Il dado è ormai tratto. Avvio quest’avventura con la consapevolezza di non sapere a cosa vado incontro. Le premesse tuttavia sono gustose, infatti, le dieci tracce che compongono il disco sono da considerarsi quali “atti” di un’unica sceneggiatura. Tutta la parafrasi per non dire “concept”. Chi è il protagonista e quali saranno le sue vicissitudini lo scopriremo più avanti. Per adesso ci basta sapere che nel piatto ci sono elementi variegati ma, in sostanza, siamo di fronte ad una pietanza dal sapore decisamente “rock melodico”, “punk anni novanta” (con vena malinconica) e “alt rock alla Thirty Seconds to Mars”. Molto orecchiabile, in primis.

 Pigiamo “play” e vediamo cosa succede.

Al pronti via c’è Frequencies. Un forte richiamo – al plurale – del titolo dell’opera. Altro non è se non una intro un po’ più corposa del solito che, soprattutto dal testo, fa da preludio e didascalia a quel che sarà la storia di Grey, primo attore del racconto dei Downflyers.
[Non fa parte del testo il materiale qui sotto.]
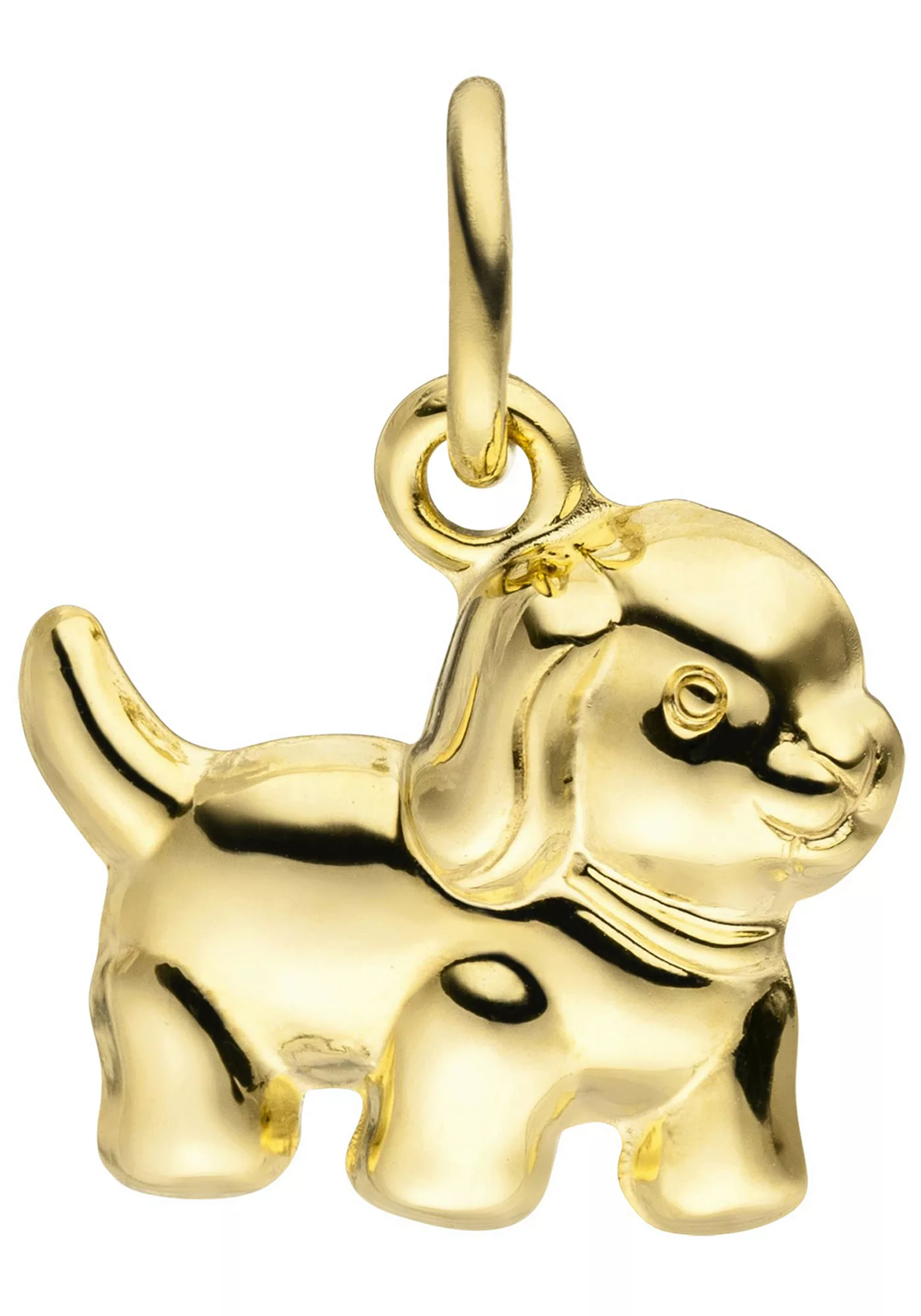 JOBO Kettenanhänger "Anhänger Hund", 333 Gold günstig online kaufen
Dal punto di vista della musica, tutto si basa sull’utilizzo di suoni, samples e campionamenti, con la chiara distinzione di suoni gravi che rappresentato i battiti di un cuore che nasce.

Lasciata alle spalle l’introduzione scenica, segue Heartbeat che, invece, parte a razzo. Un cambio di registro preannunciato e dovuto che si immola sull’altare dell’immediatezza. Cala leggermente sulla strofa ma l’uso delle doppie voci è interessante e funge da efficace riempitivo. In opposizione di intenti la linea melodica delle tastiere (pad? fateci sapere) rispetto al contesto: la prima tende al cupo; il resto all’allegro (inteso “sostenuto”).

Le fase iniziale di Obey è fuorviante. Pare lanciarsi come il più banale dei pezzi estivi, cassa in quattro e aria di festa. La scena cambia parzialmente con l’ingresso della voce e si “ricomporrà” del tutto al termine della prima strofa. Si manifesta la tendenza alla composizione ritornello-centrica, sostenuta da frasi forse troppo orecchiabili e l’uso di fasi corali che molti percepiranno come “familiari”. Nonostante ciò la struttura funziona e il risultato è godibile. Ho apprezzato la variazione (breve) sul finale e il flanger sul charleston (almeno credo, non ho un orecchio sopraffino).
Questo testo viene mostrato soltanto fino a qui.